If you asked me five years ago what I thought of central Florida I would have said, scrub pines, rednecks, and old people. Now, I would say all those things PLUS ancient cypress swamps, crystal clear bubbling springs, lakes and waterways teaming with wildlife, and endless opportunities for outdoor recreation. All of this was reaffirmed last week during our stay at the lovely O’Leno State Park.
As one of Florida’s oldest state parks, O’Leno has an interesting history that dates back to the later half of the 19th century. Back then it was the site of a small logging settlement that the residents named Keno, to advertise the gambling game that was popular in their tiny commercial center. Eventually, the logging business declined, and the church-going settlers did away with both gambling and the sinful town name. Now called Leno, the small town flourished for a number of years before its eventual collapse when the new SF&W Railroad bypassed them in favor of nearby Fort White. By the start of the new century, Leno was a ghost town.

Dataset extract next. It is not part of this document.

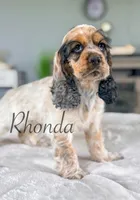 Rhonda, a female Cocker Spaniel for sale in Moulton, IA – 1 of 7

Fortunately, in the 1930s the scenic former town site on the banks of the Santa Fe River was chosen by the CCC to become one of Florida’s first state parks. Locals who had continued to use the area for swimming and picnicking called the site “Old Leno”, and soon after the CCC took over the name was shortened to O’Leno.
The park was originally intended to be a Forest Service Training camp for employees and youth groups, but it only ran for two summers before being turned over to another division of the park service. In 1940 it opened to the public as a campground and officially became Florida’s 5th state park.

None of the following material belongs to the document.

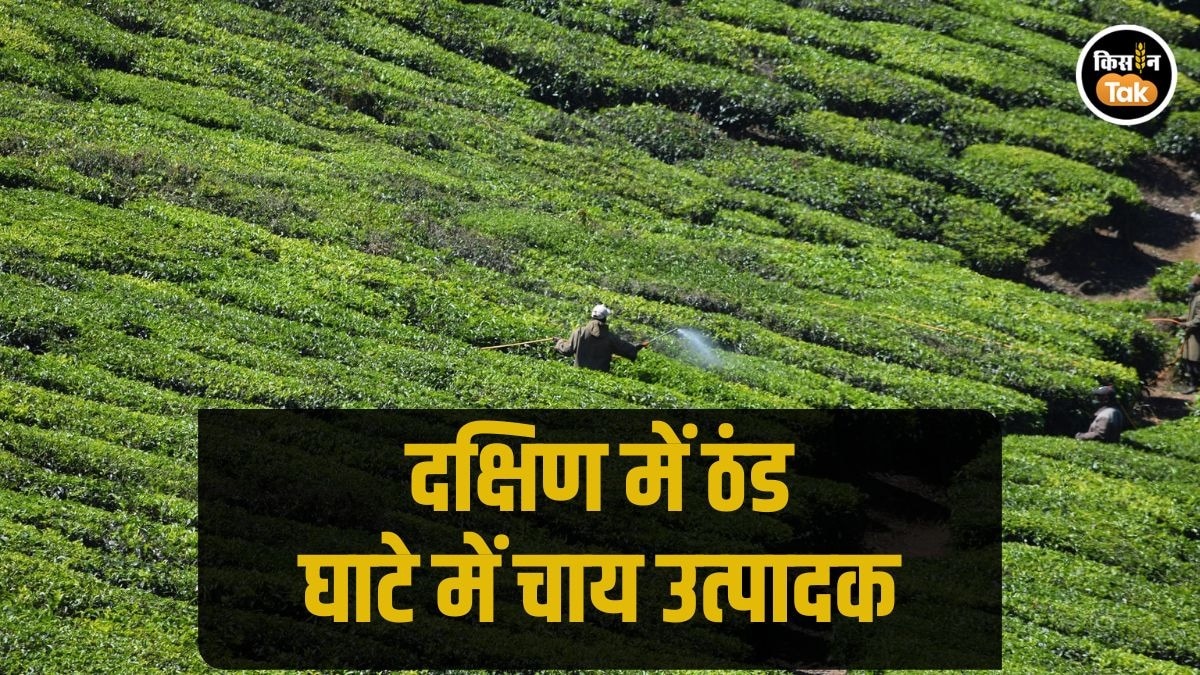 Tea Production: दिखने लगा पाले का असर, कुन्नूर में चाय उत्पादन को लगा बड़ा झटका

Many of the buildings, trails, and roads used by campers today were built by the CCC way back in the 1930s. We explored a number of the trails, including the popular River Trail that follows the Santa Fe River to the famed “river sink” where it disappears underground.
The river flows along nicely for a number of miles before slowing and then vanishing beneath the ground in a natural sink area. The river then travels underground through a network of limestone caves before coming back up three miles later at the nearby River Rise Preserve State Park.
There is a trail that connects the two parks and one afternoon we tried to bike over to see the “river rise”. Except due to work we can’t get out and about until at least 4:30 on the weekdays which meant it got too dark and we had to turn around before reaching the area where the river re-surfaced. A Google image search shows that rise looks like a plain old pond instead of a mysterious spot where a river pops out of the ground, so I don’t feel too bad about not seeing it in person.
In addition to its ability to disappear underground, the Santa Fe River also makes for a great recreation spot. The roped-off swimming area next the picnic grounds didn’t see much action during our stay, but I imagine it’s a popular spot on a hot sunny day.
Next to a swimming area is a small spot for launching kayaks. You’re only allowed to paddle upstream, as the area where the river sinks underground is off limits to boats. They say it’s because the area is environmentally sensitive, but I suspect the real reason is that they don’t want any kayakers to get sucked underground! (I’m kidding, of course…or am I?)
One afternoon we enjoyed a short paddle past the cypress trees and moss draped oaks. The river was very shallow in spots and we got stuck a few times before coming to an area that required a short portage. Not knowing if we would have to repeat the task right around the next bend, we decided our paddle was over and turned around to float back down. Despite the shallow water cutting our journey short, we really enjoyed this lazy river, including the turtles we spotted along the way.
As for the campground, it was a classic Florida State Parks with large sites, lots of trees for privacy, well-tended grounds, and a clean and updated bathroom. We are always impressed by the Florida State Parks that we have visited over the years.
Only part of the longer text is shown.